I was tired of the bucket of tools.. Been using one for 7 years. I love organization and the bucket was getting to me.. LOL.. I am so not done organizing, I need 1 or 2 more organization boxes... See... my problem lies in the automobile I use. I am trying to be as organized as possible in working order.... I drive a Ford Escort XL wagon, have been for almost 8 years now. It does great without the ladders... lol.. Working on that one tooo! I'm hitchen it and going to pull a utility trailer... Anyways... I just wanted to see who was using what for organization. I also just purchased some commercial grade shelving for the garage to maintain a clean and organized "shop".... Organization saves time and money! 

J


----------



## timhag (Sep 30, 2007)

http://www.painttalk.com/showthread.php?t=118&highlight=tools


----------



## Tonyg (Dec 9, 2007)

http://www.uline.com/ProductDetail.asp?model=S-11335&ref=315

I have about a half dozen of these. I can easily move them from the shop to the van to the job. I keep sandpaper/prep items in one, tape etc another, hand tools, brushes, etc. etc.


----------



## Workaholic (Apr 17, 2007)

I usualy just work out of my van, but i did like that pic of that fat max box. I can see that comming in real handy on interior repaints.


----------



## timhag (Sep 30, 2007)

Tonyg said:


> http://www.uline.com/ProductDetail.asp?model=S-11335&ref=315
> 
> I have about a half dozen of these. I can easily move them from the shop to the van to the job. I keep sandpaper/prep items in one, tape etc another, hand tools, brushes, etc. etc.

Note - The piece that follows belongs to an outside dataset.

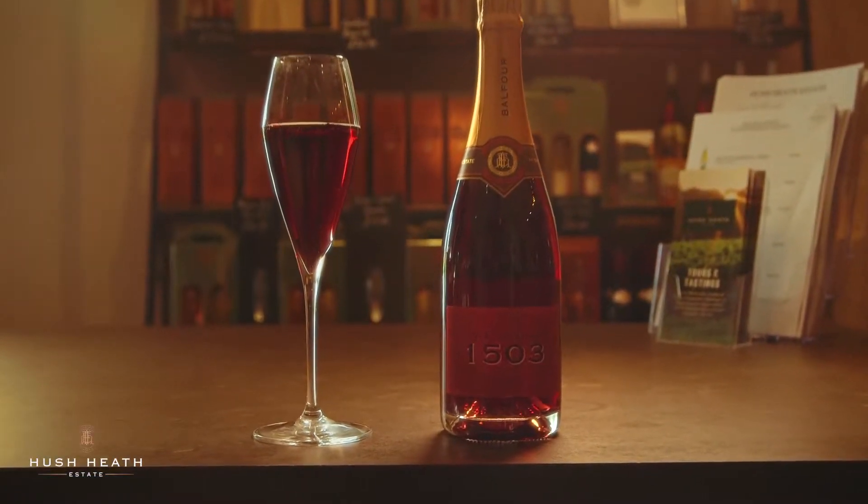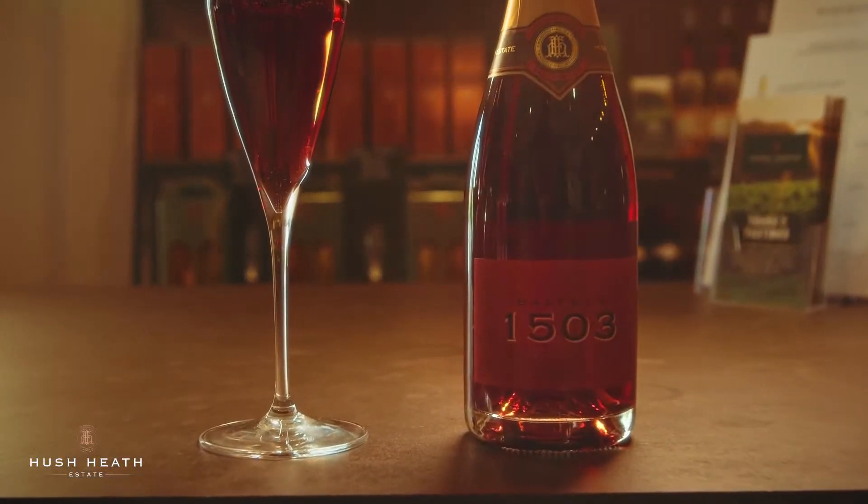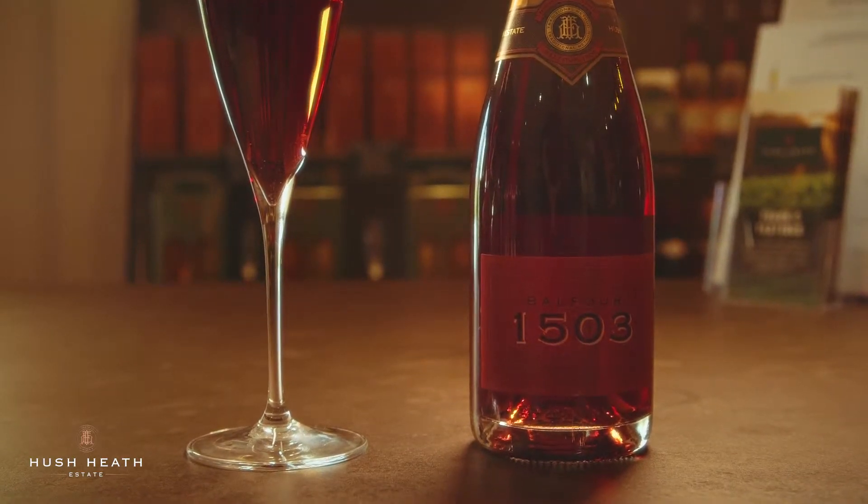Balfour 1503 Sparkling Pinot Noir is made from Pinot Noir grapes grown here at Hashith Estate. We make a tiny amount of this wine — it's 2,000 bottles a year — so it makes it pretty special.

Tony, I have something like that, the only difference is the one I have got lids.:thumbsup:


----------



## Bushdude (Apr 17, 2007)

For large jobs get a Knack gang box...


----------



## Z paint (Jan 16, 2008)

i use the largest husky bag they make...there are 3 sizes at el cheapo and i use the biggest one


----------



## [email protected] (Feb 24, 2008)

Workaholic said:


> ...... fat max box. I can see that comming in real handy on interior repaints.


I had two purposes for that box and interior painting was one and is where I took the pic. The other purpose was for storage in the automobile. I actually travel with that box open in my automobile (A pic to come if I remember...) open to the back so when I open the hatch back all is available plus it doesn't tip over when fully open in the car doing 55mph around a 30mph corner.... When it's fully open I can still store lose tools like maskers under it. It works for now until I can afford a truck or minivan with more storage capability.

J


----------



## bikerboy (Sep 16, 2007)

The way gas keeps going up, I'd wait before investing in a larger (and gas hungry) vehicle.


----------



## [email protected] (Feb 24, 2008)

bikerboy said:


> The way gas keeps going up, I'd wait before investing in a larger (and gas hungry) vehicle.


I hear ya. I am not in a hurry to get another rig and for some reason I think my comment about investing in another rig was more of a wish than a reality.... haha.. but ya, no doubt about gas and I'll add that the economy is crumbling.... who knows what to expect these days for us business folk. :blink:

J


----------



## Housepainter (Jan 6, 2008)

With the price of Gas.... I am Soooo glad that 75% of my work is within 3/4 mile of my house. Had two this month that were 2/10 of a mile...


----------



## [email protected] (Feb 24, 2008)

Housepainter said:


> With the price of Gas.... I am Soooo glad that 75% of my work is within 3/4 mile of my house. Had two this month that were 2/10 of a mile...


Most of my jobs are between 15 and 30 min away. I do have 3 lined up that are no more than 10 min away atm... That will save a bit on gas... Just payed $80 for 2, 5gal cans and the car today.... :whistling2:

J


----------



## MAK-Deco (Apr 17, 2007)

I travel 20 - 30 miles one way to get to the affluent areas that my clients are in. Yes the price of gas sucks but i know what contractors are getting for repaints in the small town I live in now and its way less then what I charge. I have thought even if I was to lower my price it will still be way lower then what I pay in gas to get to where my client base is. 

I have done some direct mail to areas closer to my house twice this year with no success but plan on doing a 3rd and 4th try later this year and see where it goes.


----------



## greensboro84 (Feb 15, 2008)

i been trying the bucket thing but im going back to using the big stanley fatmax toolbox, it makes a great stepladder and i can squeeze a roller, ext. pole, and a screen in there


----------



## [email protected] (Feb 24, 2008)

greensboro84 said:


> i been trying the bucket thing but im going back to using the big stanley fatmax toolbox, it makes a great stepladder and i can squeeze a roller, ext. pole, and a screen in there


Now that's an idea! Just put some boards across the openings and you have a step ladder... Nice! thanks :thumbsup:

J


----------